The rationale as explained in the commit's changelog is:
"
Netperf running on localhost exhibits this pattern and while it does not
matter for some machines, it does matter for others with smaller caches
where cache misses cause problems due to reduced page reuse.
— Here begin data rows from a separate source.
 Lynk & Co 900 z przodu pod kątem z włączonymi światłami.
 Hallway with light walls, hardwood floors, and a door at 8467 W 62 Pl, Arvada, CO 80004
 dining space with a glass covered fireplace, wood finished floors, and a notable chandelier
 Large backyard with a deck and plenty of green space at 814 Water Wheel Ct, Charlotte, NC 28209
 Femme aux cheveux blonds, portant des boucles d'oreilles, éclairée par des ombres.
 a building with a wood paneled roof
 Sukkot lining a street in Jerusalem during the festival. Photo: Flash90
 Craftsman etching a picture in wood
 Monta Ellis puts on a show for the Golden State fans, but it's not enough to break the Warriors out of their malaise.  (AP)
Pages
freed directly to the buddy list may be reused quickly while still cache
hot where as storing on the PCP lists may be cold by the time
free_pcppages_bulk() is called.
"

This regression occurred on a machine that has large caches so this
optimization brings no value to it but only overhead(skipped PCP), I
guess this is the reason why there is a regression.

I have also tested this case on a small machine: a skylake desktop and
this commit shows improvement:
8b10b465d0e1: "netperf.Throughput_Mbps": 72288.76,
f26b3fa04611: "netperf.Throughput_Mbps": 90784.4, +25.6%

So this means those directly freed pages get reused by allocator side
and that brings performance improvement for machines with smaller cache.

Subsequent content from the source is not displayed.